By CCN.com: The Dow and broader U.S. stock market fluctuated wildly on Wednesday, as falling bond yields stoked fresh fears that a global economic slowdown would soon hit American shores.
The Dow Jones Industrial Average traded within a 353-point range on Wednesday, reflecting a tepid pre-market for U.S. stock futures. The blue-chip index settled down 32.14, or 0.1%, at 25,625.59. Walmart Inc. (WMT) and Chevron Corp (CVX) were the Dow’s biggest laggards.
The broad S&P 500 Index of large-cap stocks fell 0.5% to 2,805.37. Nine of 11 primary sectors were in the red, with healthcare leading the decline.
Meanwhile, the technology-focused Nasdaq Composite Index declined 0.6% to close at 7,643.38.
A measure of implied volatility known as the CBOE VIX reached a session high of 16.71 on a scale of 1-100 where 20-25 represents the historic average. It would later backtrack to settle at 15.17, having gained 3.3%.
Stock markets came under pressure Wednesday after U.S. Treasury yields fell to fresh 15-month lows. The yield on the benchmark 10-year Treasury note fell to 2.384% from 2.418% on Tuesday. Yields drop when bond prices rise.
On Friday, a closely-watched yield curve inverted for the first time in more than a decade, sending stock prices plunging. The yield on the U.S. 10-year Treasury note fell below the yield on the 3-month T-Bill, a rare occurrence that economists say is an accurate predictor of recession.
While the U.S. economy has outperformed its major counterparts overseas, a protracted downturn in places like Europe, China, and Japan could have adverse consequences back home. Key members of the Trump administration will travel to China this week to continue negotiating a new trade agreement that many believe can help avert a bigger slowdown.

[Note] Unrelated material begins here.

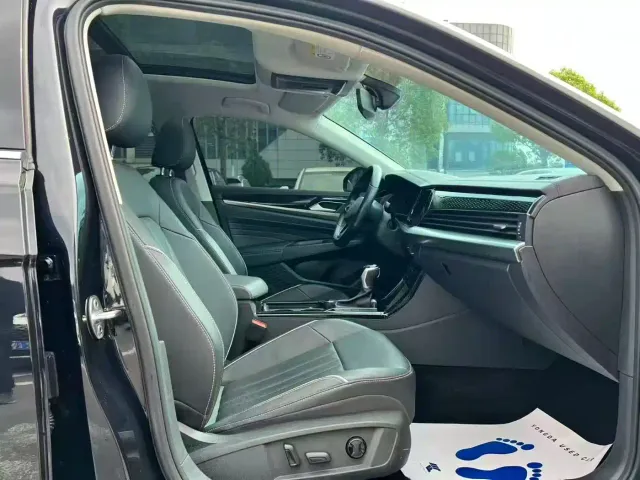Volkswagen Passat — Фото автомобиля 7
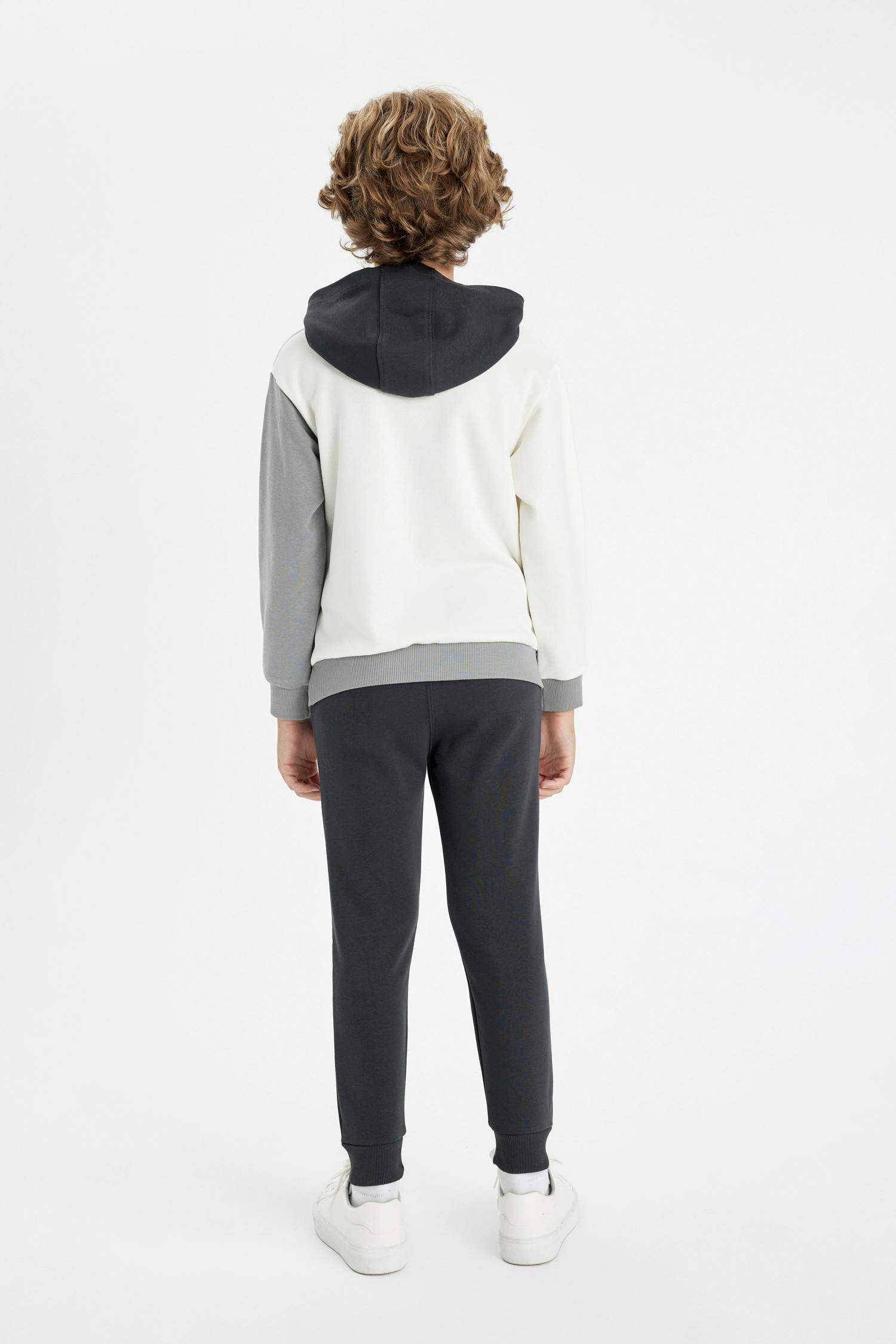 Erkek Çocuk 2'li Takım Baskılı Kapüşonlu Kanguru Cepli Sweatshirt Jogger Eşofman Altı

Investors say mixed economic data have made it more difficult to gauge the trajectory of the U.S. economy. Earlier this month, the Labor Department reported the most significant slowdown in nonfarm payrolls in well over a year even as wages accelerated faster than expected. Inflationary pressures have also waned, and housing continues to struggle despite the renewed pause on interest rates.